Beep boop beep boop beep, I'm lovin' it

Miso Robotics' Flippy is a robot specifically designed to cook hamburgers. Depending on the rate at which kitchen staff keep putting raw patties in front of it, Flippy can cook 150 to 300 burgers an hour.

Flippy has learning capabilities that Miso claims allow it to learn from its surroundings and from kitchen staff, but the extent of its thirst for knowledge is unclear, and having only one spatula-equipped arm makes it seem unsuited for too many additional tasks besides its sole goal of consistently producing perfect pucks of meat. However, it does have the capability to swap its own tools using a pneumatic pump system, which, imagining a robot self-equipping kitchen knives, is terrifying.

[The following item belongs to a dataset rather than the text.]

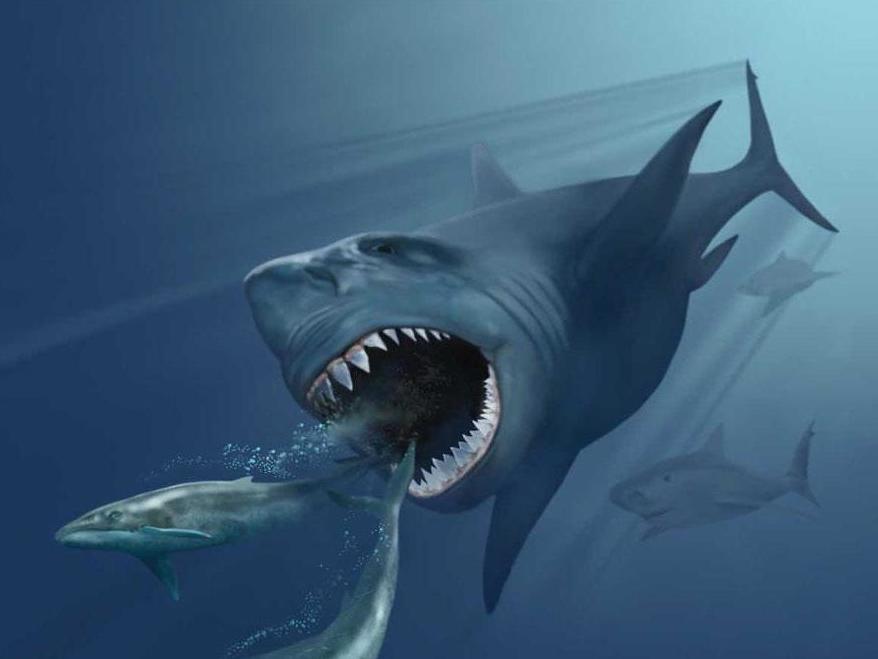 Megalodons were enormous sharks that went extinct around 2.6 million years ago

Another iteration of Flippy has a crab-claw-like scoop:

MIT Tech Review reports that a Flippy robot costs $60,000 and that it is currently working only 10.5 hours per week at CaliBurger in Pasadena, California - a far cry from the $8.28 average hourly wage for fast food workers.

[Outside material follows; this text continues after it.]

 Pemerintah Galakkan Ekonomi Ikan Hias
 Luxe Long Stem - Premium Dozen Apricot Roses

The satirical website News Examiner announced that McDonald's was planning to open its first entirely robot-run establishment in Phoenix, Arizona, as well as 25,000 additional locations by the end of 2016. Don't let the very convincing image of a McDonald's-branded burger bot fool you, though, the article is a confirmed hoax.

However, the quote from the article's (fake) McDonald's manager ("These things are great! They get their work done in a fast and orderly manner, plus they don’t ask for cigarette breaks.") isn't far from what an actual former McDonald's CEO said in response to the announcement of a real robot-run restaurant - this one by Momentum Machines and located (where else?) in San Francisco: "It’s cheaper to buy a $35,000 robotic arm than it is to hire an employee who’s inefficient making $15 an hour bagging French fries."

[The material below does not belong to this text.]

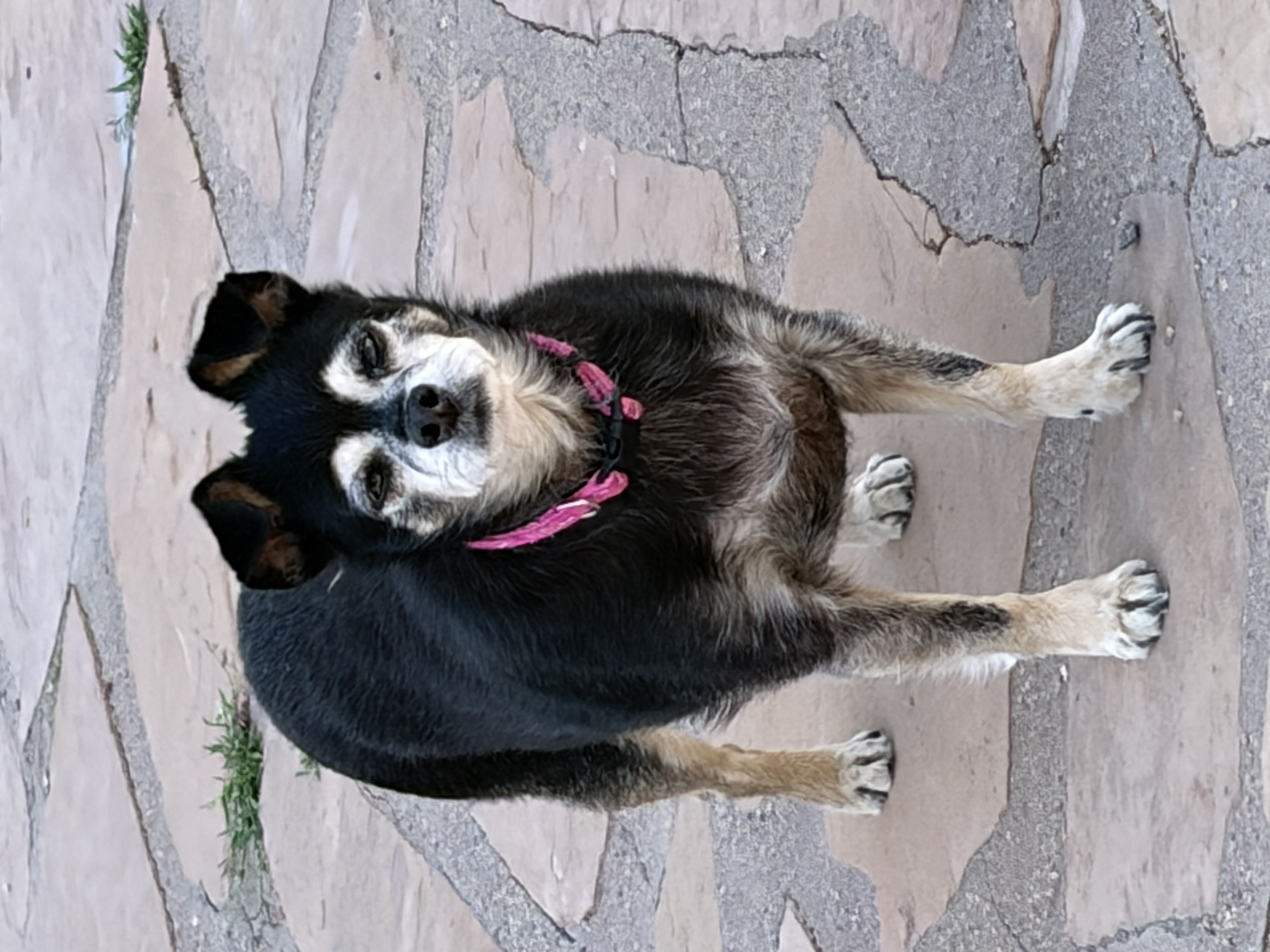 Penny — cared for by this Pet Pro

So there may be robotic helpers in the McKitchen of the future. And as gross as that statement from the ex-CEO about the value of fast food workers is, it overlooks some other potential problems with having robots make our fast food, as pointed out by rival burger chain Carl's Jr.:


The robo-barista nicknamed Gordon at Cafe X makes a "dang good latte" according to Wired.

And they're stylish, too - a lot of research went into humanizing the robot arms' mannerisms. The smooth movements, swirling of the cup, and friendly "wave" give the Cafe X bots a bit of panache and personality (which is generally hard to convey without a face):

Cafe X isn't the first or only café to take on the challenge of caffeine infusion automation - Beijing's Bubble Lab has created a pour-over robot called Drip:

In partnership with Kalita, they created this absolutely mesmerizing promo:

Bubble Labs also built a robot that serves soft serve cones, and although the following video is in Chinese, it's pretty easy to understand without translating (cute girl presses buttons, machine arm delivers soft serve):

But it wouldn't be a MONTAG article unless we found some way to make this situation dystopian. It's all cute until the robots get a little bit more demanding about your need for sweet treats, as in this Halo Top promotion by Mike Diva:

Sir Mix-A-Bot

Robot bartenders are a great science fiction trope - the most recent one that comes to mind is Michael Sheen's android bartender Arthur from the 2016 film Passengers. Most real-life drink-slinging bots aren't quite as eager to dispense wisdom, but (more importantly) they can dispense drinks.

Makr Shakr's robotic arm system has been deployed on both a highly technologically advanced cruise ship, and in the capital city of gimmicky watering holes, Las Vegas:

You may be thinking: KUKA robot arms again? They play ping pong, they can dance, make music, and help send season's greetings... Come on, what haven't we seen them do? And who can afford one?

For the thirsty makers out there, Naomi Wu hosts a tutorial on building a bar bot controlled by Arduino that can mix 16 different cocktails. Find instructions here on Github and on Open Builds, or follow her video tutorials:

It doesn't have as much personality as an android, but that could be for the best. According to Isaac Asimov's three laws, an intelligent robot shouldn't be capable of serving us intoxicants anyway:

The obligatory "they're taking our jobs!" wrap-up

No, they're not. Not yet, at least.

While automated burger flippers, glorified vending machines with robot arms for coffee and ice cream, and drink-dispensing mechanisms with or without circuit-frying ethical conflicts have all been proven, they haven't been proven at scale.

And although food service jobs like these can be repetitive and laborious, we're not ready to trust robots with such basic tasks as feeding us. It can all go so wrong, so fast.